[RECORDS FOR PROCESSING]:
——————————

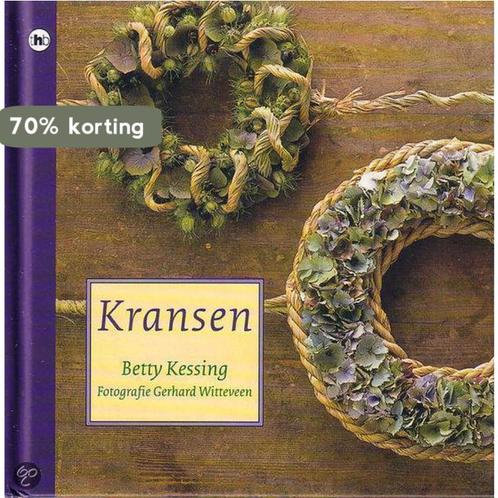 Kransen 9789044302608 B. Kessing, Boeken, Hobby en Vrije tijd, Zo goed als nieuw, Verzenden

——————————

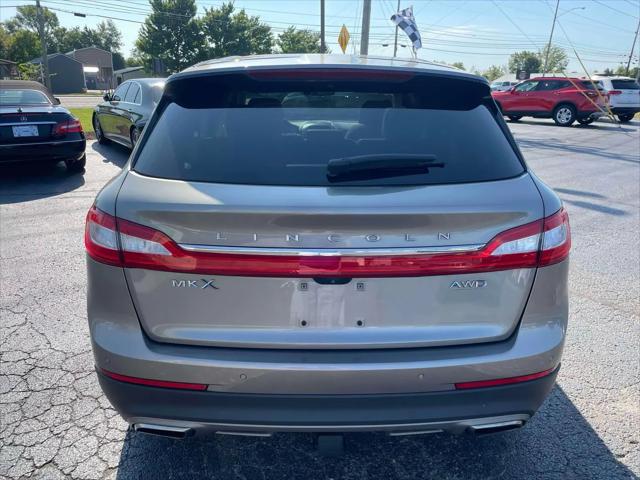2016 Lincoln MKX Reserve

——————————

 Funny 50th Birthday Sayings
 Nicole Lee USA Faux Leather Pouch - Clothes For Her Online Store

——————————

[PROBLEM]:
Scan the listing above for the line that has "Funny 50th Birthday Sayings", then copy exactly from that line through the line that has "Nicole Lee USA".

[EXERCISE ANSWER]:
 Funny 50th Birthday Sayings
 Nicole Lee USA Faux Leather Pouch - Clothes For Her Online Store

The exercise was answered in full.